For cosmetics, Paterniti said the Black Crystal models continue a similar design philosophy used in past JVC sets — they keep the look thin, sleek and clean.

“It’s the kind of product you want to put in your living room,” he said.

The 3000 series is targeted at consumers primarily interested in purchasing a second or third TV for secondary rooms in the house or for college dorms.

The 3001 models are step-up items that could appeal to first-time home buyers, townhouse or condo dwellers looking for screen sizes ranging from 32 to 47 inches, Paterniti explained.

Models in the 32- and 37-inch screen sizes will all offer 60Hz refresh rates, while models in the 42- and 47-inch screen sizes will offer 120Hz refresh rates.

The 3000 series 32- ($469 suggested retail) and 37-inch ($549) models will feature two HDMI inputs, component, composite and VGA inputs, a music port, USB input, optical digital output and stereo audio output.

The 42-inch 3000-series model carries a $699 suggested retail while the 47-inch is priced at an expected $949.

All models in the 3000 series feature 100,000:1 dynamic contrast ratios.

Pricing on the LED-based 3001-series products are: 32-inch ($599 suggested retail), 37-inch ($699), 42-inch ($879) and 47-inch ($1,199).

All of those models offer 2,000,000:1 dynamic contrast ratios and a 1.9-inch panel depth.

All sets comply with the Energy Star 5.3 power-consumption requirements, Paterniti said.

AVC will use a different go-to-market strategy than its JVC predecessors, offering pricing that is slightly below the tierone brands like Sony, Samsung and LG, without dropping into the mid-tier-two or tier-three price levels, Paterniti said.

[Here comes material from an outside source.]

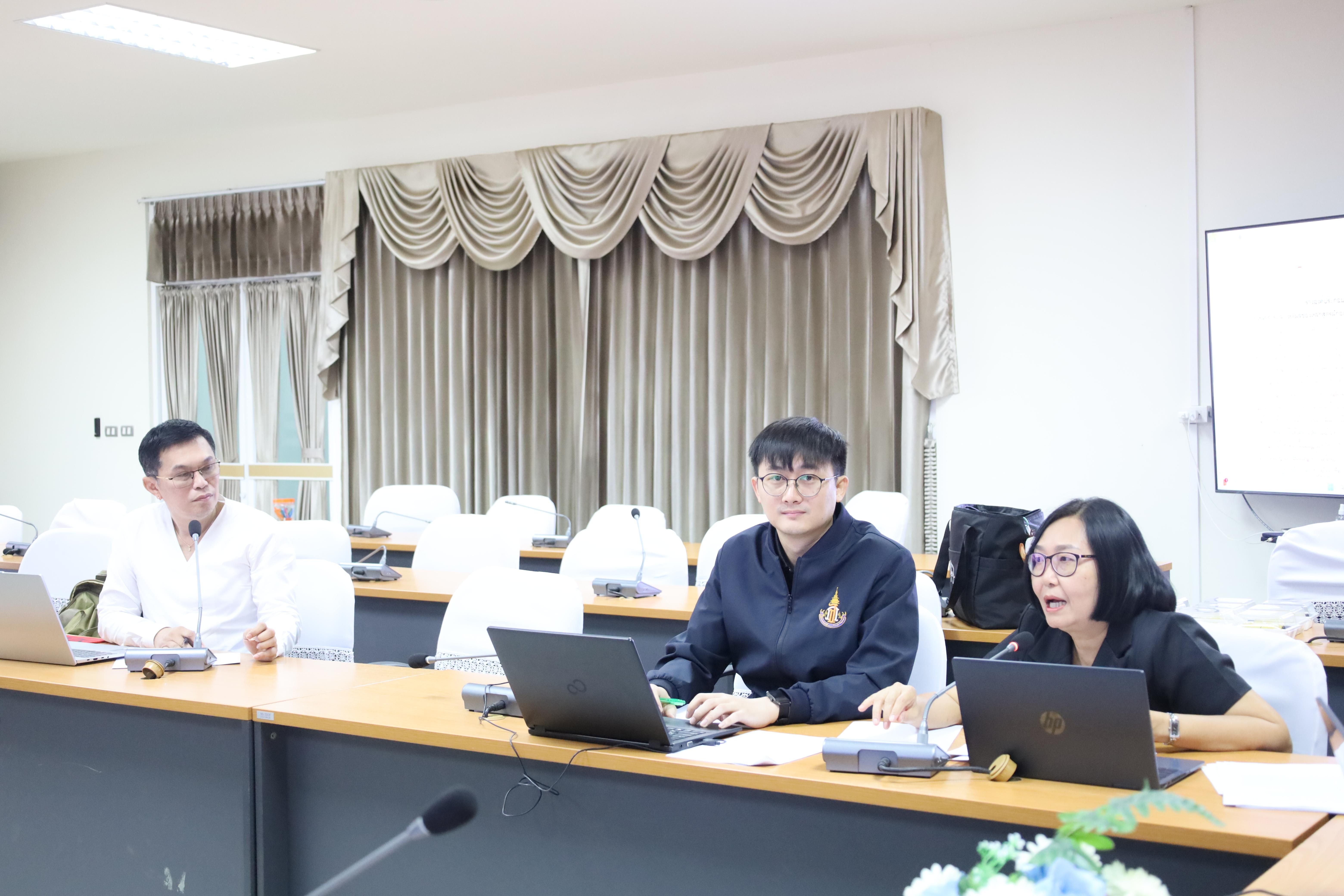 25. โครงการพัฒนารูปแบบหลักสูตรเพื่อเสริมสร้างความฉลาดรู้และคุณลักษณะ 4 ประการ PTRU Model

The company will be using several online accounts (Amazon,

, New Egg and others to start) — including the JVC website run by the brand licensor. Paterniti said the e-commerce channel “just continues to grow by leaps and bounds for TV sales.”

Products sold through the JVC website will be offered at full suggested retails, he added, and should not conflict with sales of retail distribution partners.

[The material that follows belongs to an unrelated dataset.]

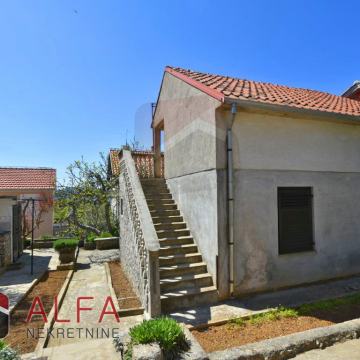 Kuća: Prvić Luka,prodaje se obiteljska kuća s dvorištem,pogled na more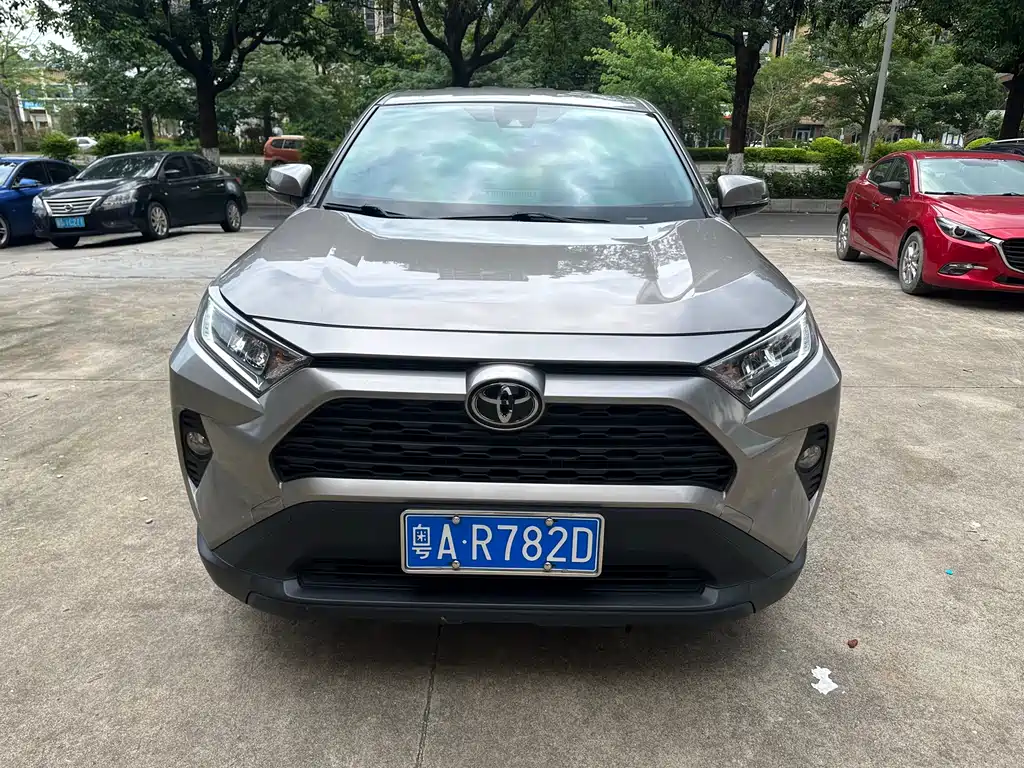 Toyota RAV4 2020 — фото 2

Previews of the products online were set for the July 4 weekend as of this writing.

At the same time, the company will introduce the line to the world on the JVC video screen in New York City’s Times Square, where it will also announce a nationwide giveaway sweepstakes for the Black Crystal Series, selecting a winner from people who register online.

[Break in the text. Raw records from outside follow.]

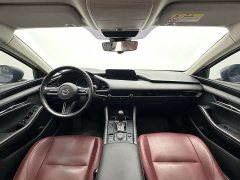 Mazda 3 Axela 2.0L Auto Obsidian Shining Edition - ფოტო 6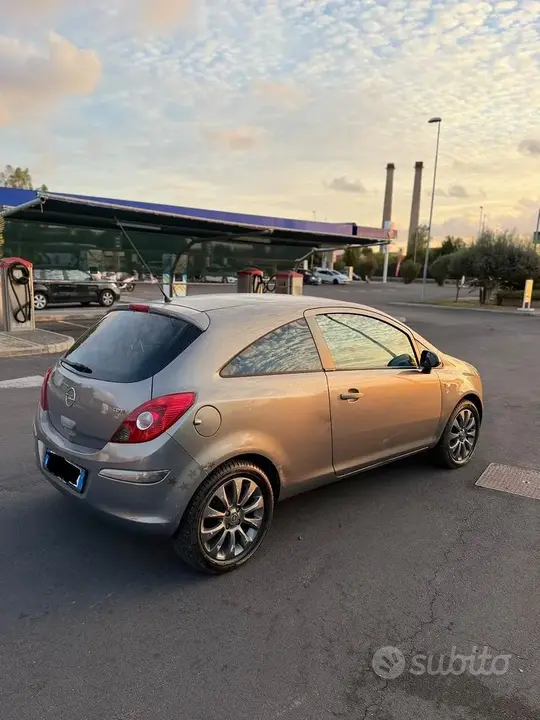 Opel Corsa 2011 photo 3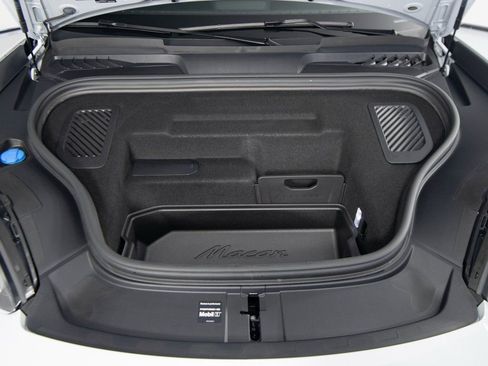 Certified 2025 Porsche Macan 4S Electric image 41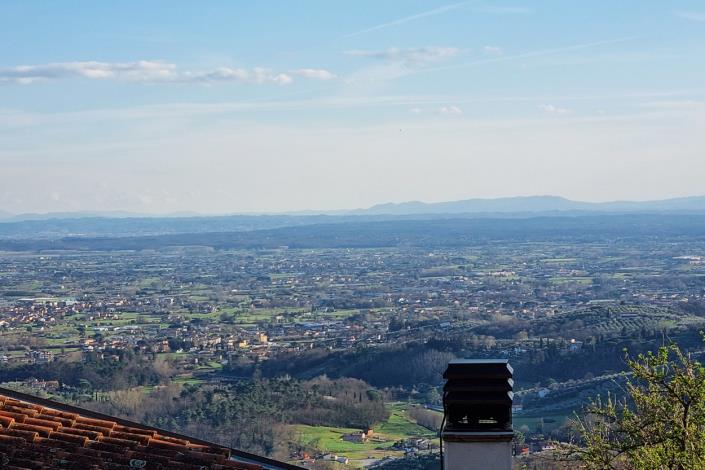 Image No.55-2 Bed Semi-Detached for sale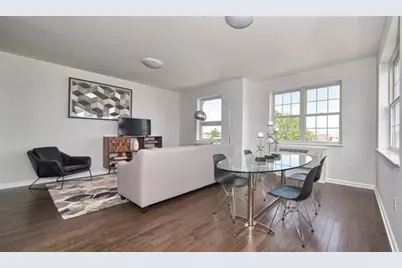 304 Broadway #303, Bayonne, NJ 07002 - Photo 4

In part to help with online sales, all Black Crystal models and next year’s Black Sapphire sets will come with 24/7 tech support.

The 42-inch and larger models include in-home service, and the 37-inch and smaller models offer an advanced replacement service, which means a replacement model will be shipped to the home under the warranty period.

For brick-and-mortar distribution, Paterniti said AVC continues to speak with select regional and national CE retail accounts.

“We’re still finishing up some contracts, and we don’t launch the LED line until August,” Paterniti added. “We are giving our dealers a margin-rich product with a brand that they can sell and with advanced features that can make a competitive brand.”

AVC will also begin discussions with some key buying groups and has named D&H Distributing its exclusive two-step distribution partner for the JVC Black Crystal line, Paterniti said.

The company may seek out more high-end regional and A/V specialty dealers for the Black Sapphire line, slated for early 2012, he said.